» EXERCISE DETAILS:
Your answer must be the line containing "Wappen von Sastamala" and each following line to the end of the listing below, copied exactly, with pictures removed and nothing added.

» RECORDS FOR THE TASK:
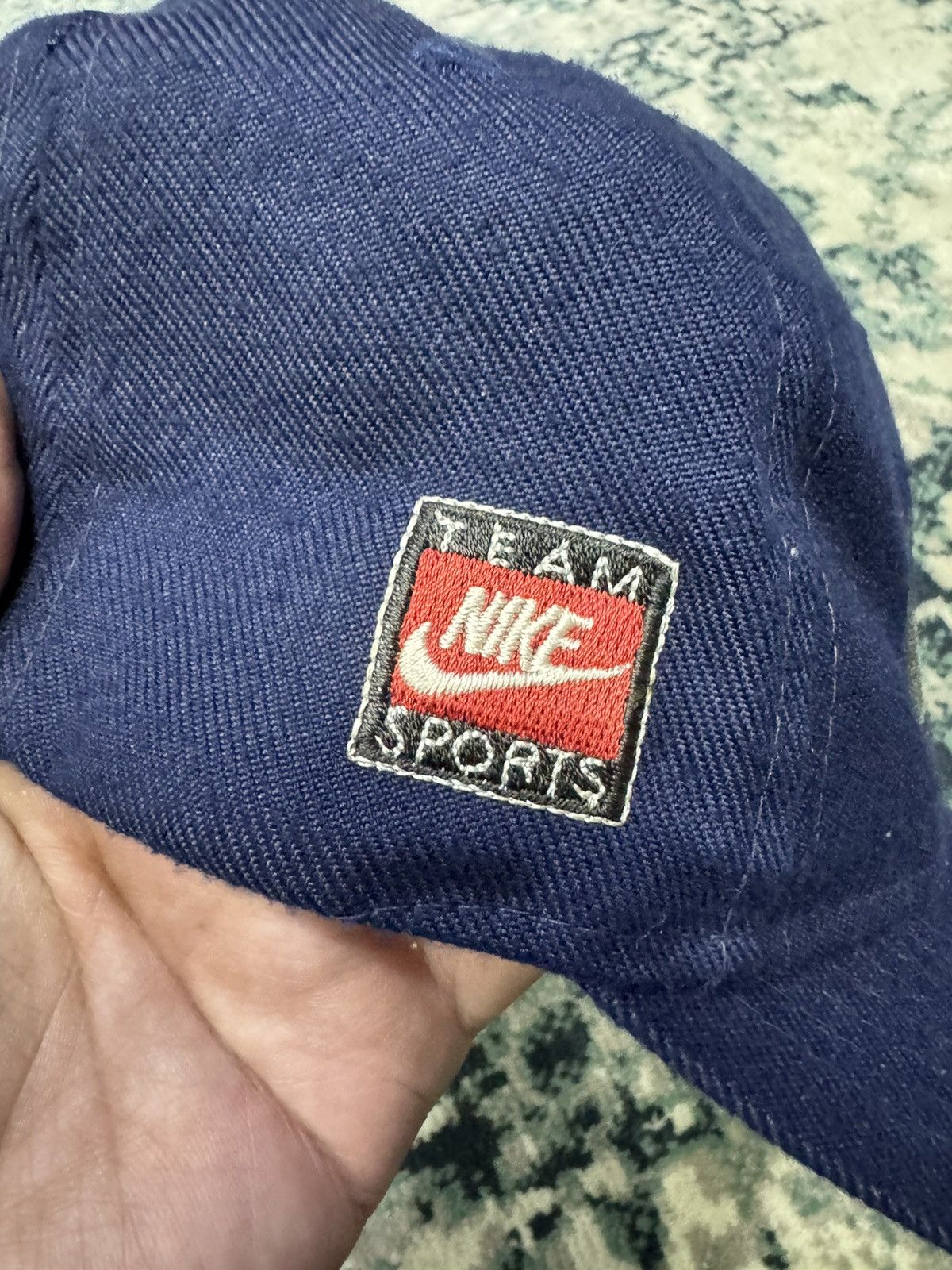 Nike × Vintage VINTAGE 1990s NIKE SPORTS EMBROIDERED SNAP BUTTON CAP Size ONE SIZE - 9 Thumbnail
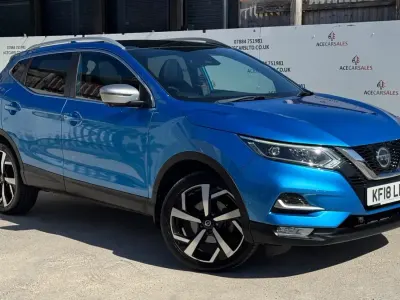 Used Nissan Qashqai Tekna+ 130 HP (95 kW) 2018 Blue SUV
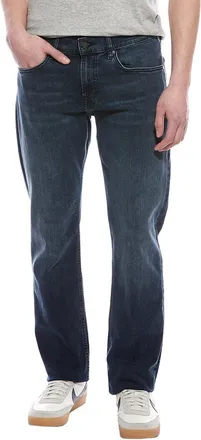 7 For All Mankind Luxe Performance Dark Blue Straight Jean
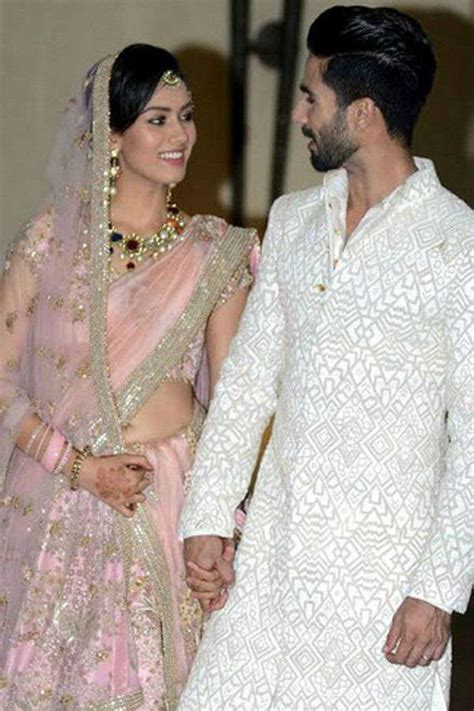 Shahid Kapoor and Mira Rajput during their wedding ceremony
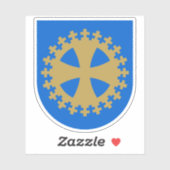 Wappen von Sastamala (Karkku), Finnland Aufkleber (Blatt)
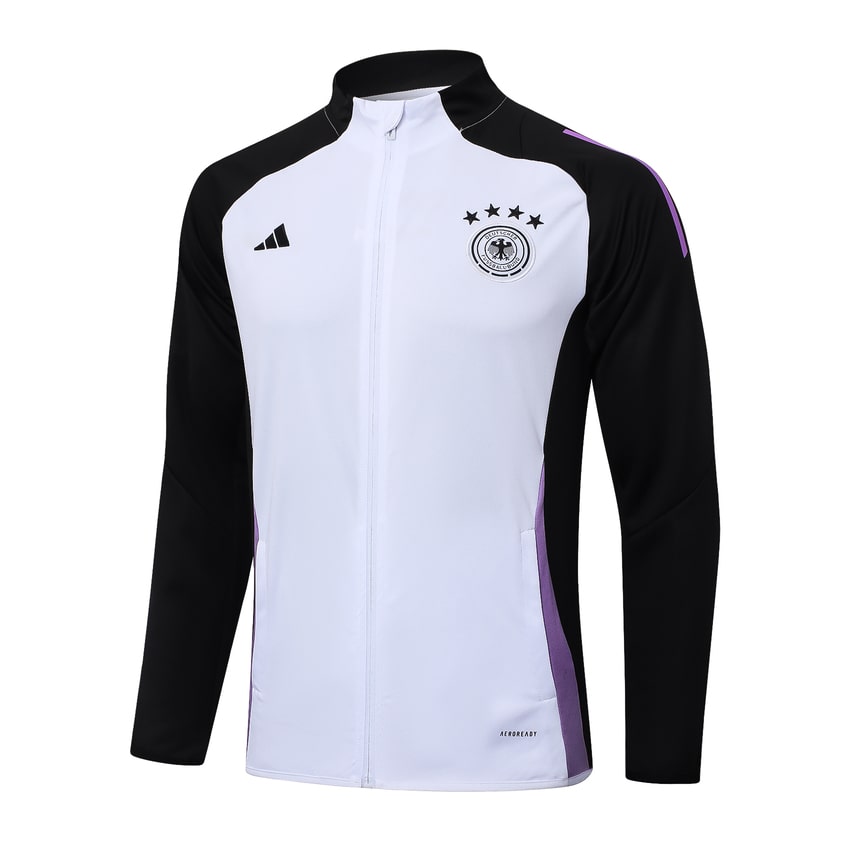 Survetement Allemagne Veste 2024 2025 Blanc (2)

» ANSWER TO THIS PROBLEM:
 Wappen von Sastamala (Karkku), Finnland Aufkleber (Blatt)
 Survetement Allemagne Veste 2024 2025 Blanc (2)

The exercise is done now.